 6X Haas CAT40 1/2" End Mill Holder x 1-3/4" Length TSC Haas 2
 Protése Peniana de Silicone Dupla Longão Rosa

* * *

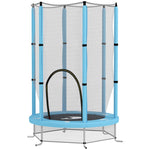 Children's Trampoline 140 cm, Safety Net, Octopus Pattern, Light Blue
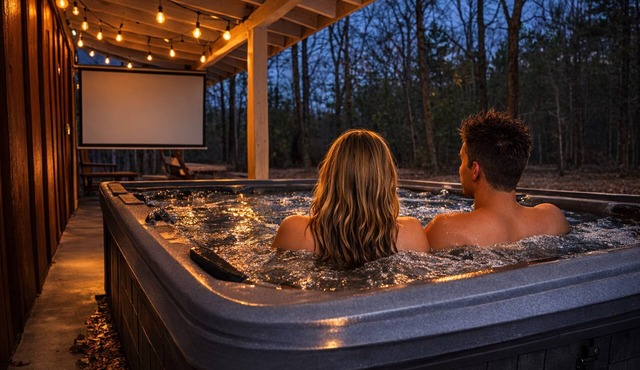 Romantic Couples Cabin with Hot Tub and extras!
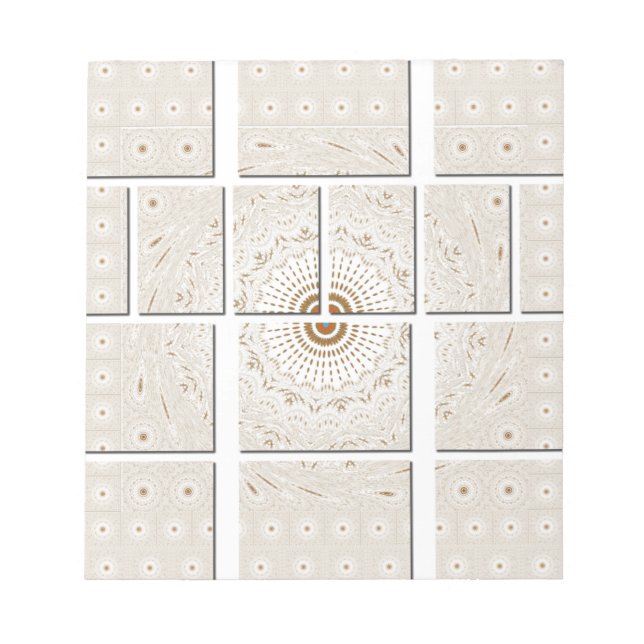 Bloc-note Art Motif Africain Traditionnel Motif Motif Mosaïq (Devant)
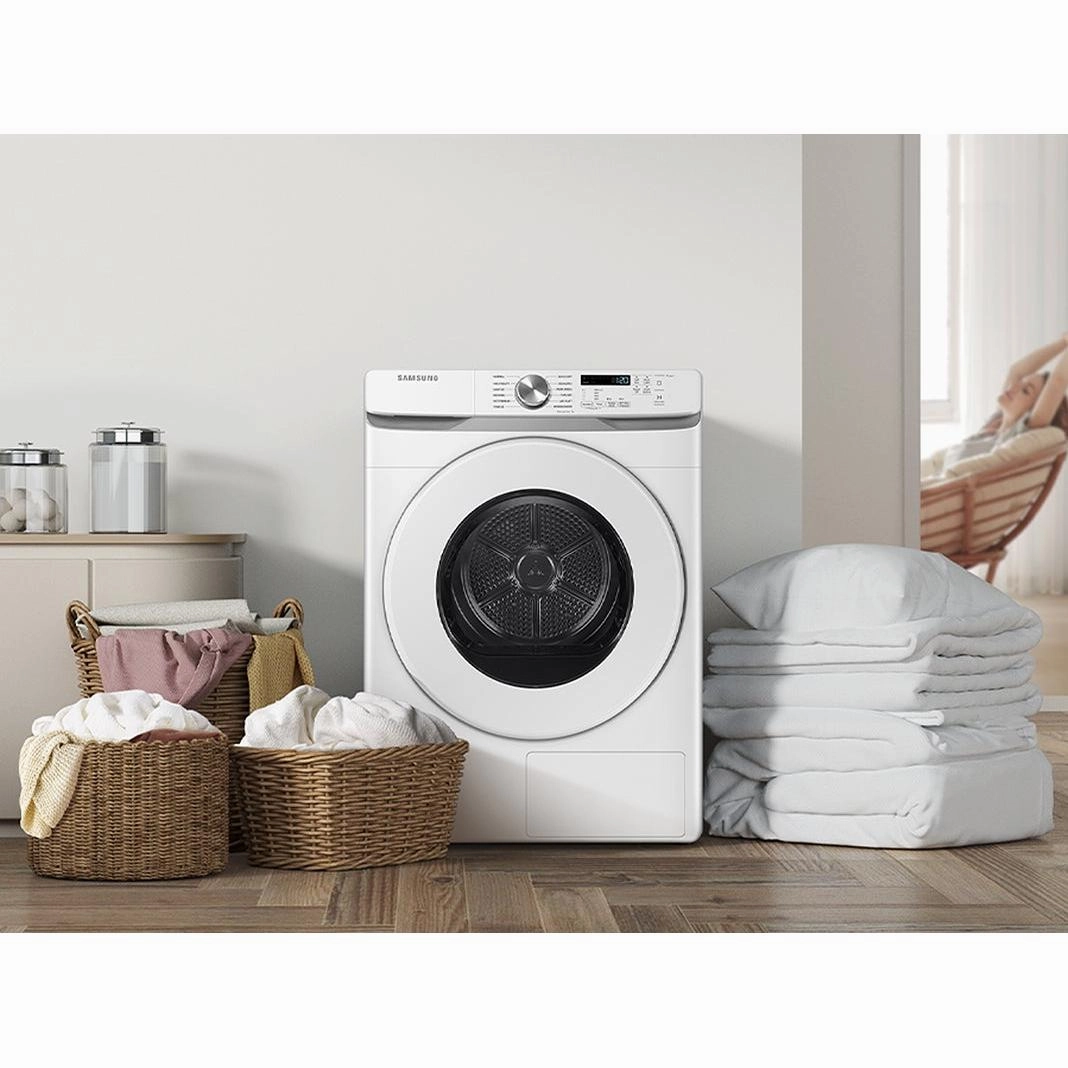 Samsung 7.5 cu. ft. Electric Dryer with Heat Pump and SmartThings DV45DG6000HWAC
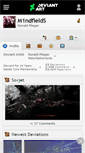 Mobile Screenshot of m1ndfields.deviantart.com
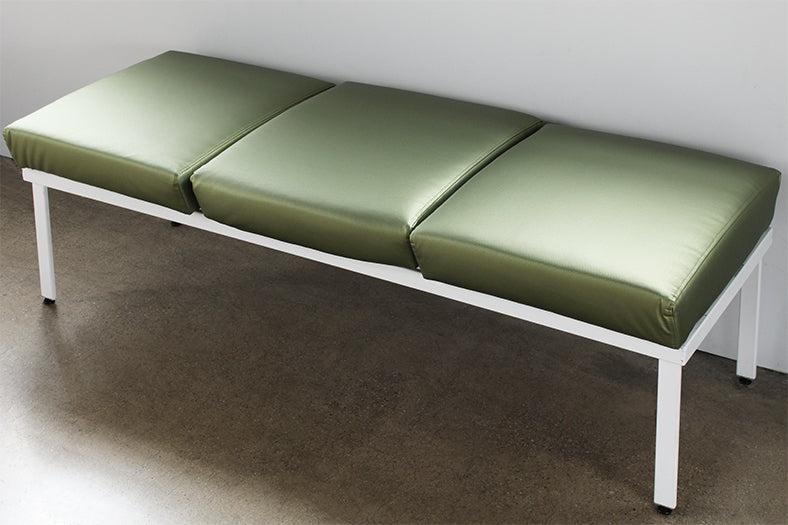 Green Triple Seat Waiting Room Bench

* * *

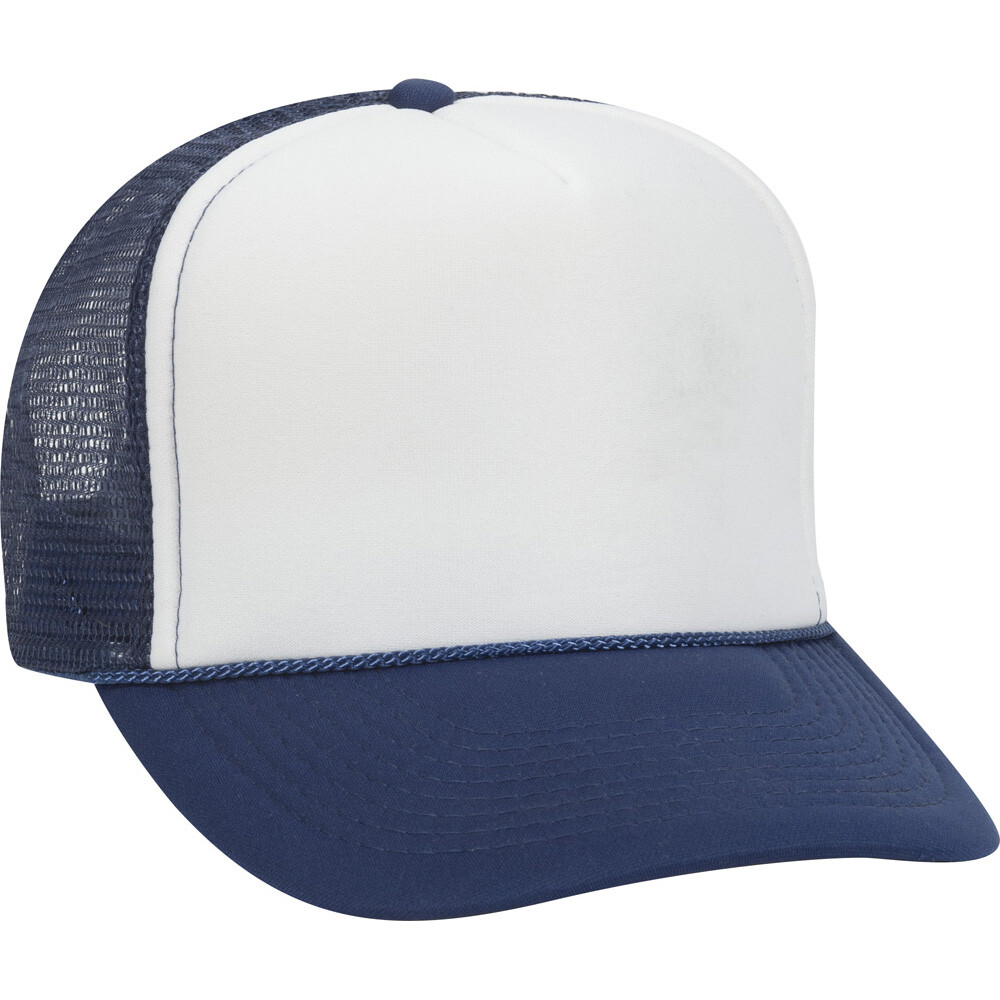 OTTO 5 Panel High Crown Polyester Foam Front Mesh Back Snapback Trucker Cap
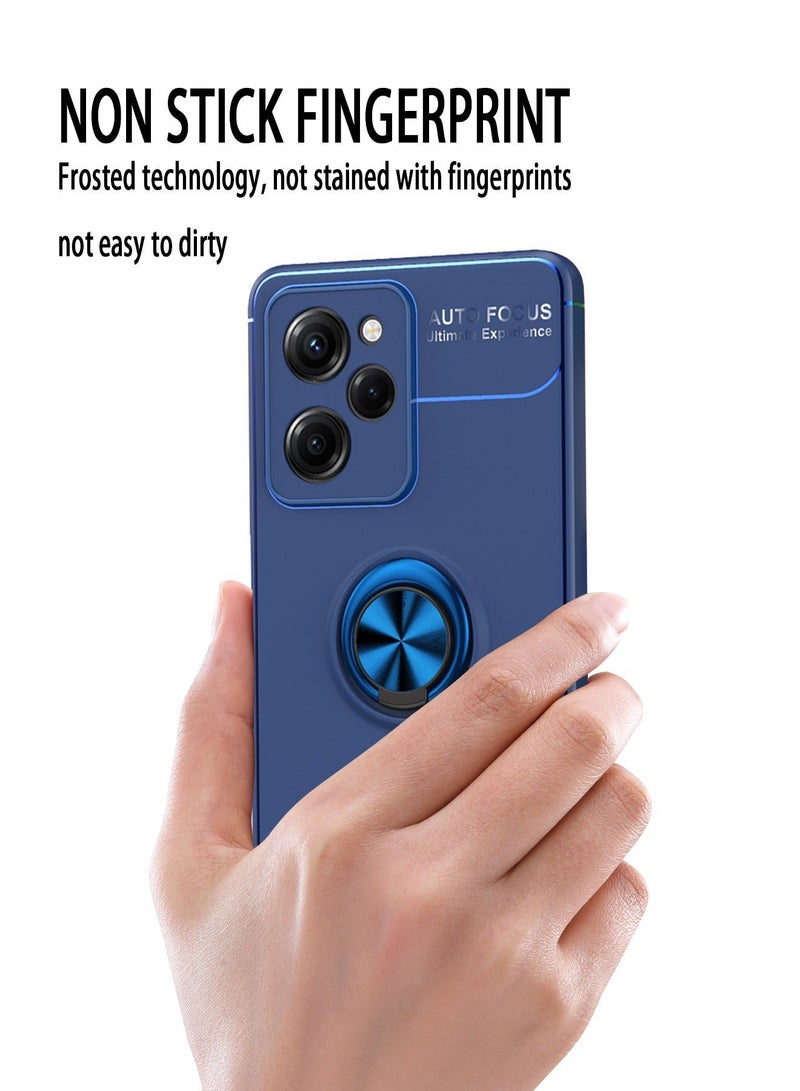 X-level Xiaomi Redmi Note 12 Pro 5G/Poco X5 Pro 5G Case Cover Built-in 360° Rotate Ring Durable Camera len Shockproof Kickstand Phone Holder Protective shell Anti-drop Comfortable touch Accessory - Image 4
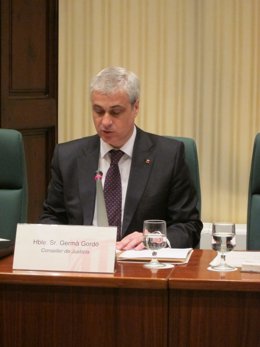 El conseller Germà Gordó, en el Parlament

● **Exercise prompt**
With the pictures left out, write out exactly the lines above from the one containing "OTTO 5 Panel" through the one containing "El conseller Germà Gordó, en el Parlament".

● **Reply**
 OTTO 5 Panel High Crown Polyester Foam Front Mesh Back Snapback Trucker Cap
 X-level Xiaomi Redmi Note 12 Pro 5G/Poco X5 Pro 5G Case Cover Built-in 360° Rotate Ring Durable Camera len Shockproof Kickstand Phone Holder Protective shell Anti-drop Comfortable touch Accessory - Image 4
 El conseller Germà Gordó, en el Parlament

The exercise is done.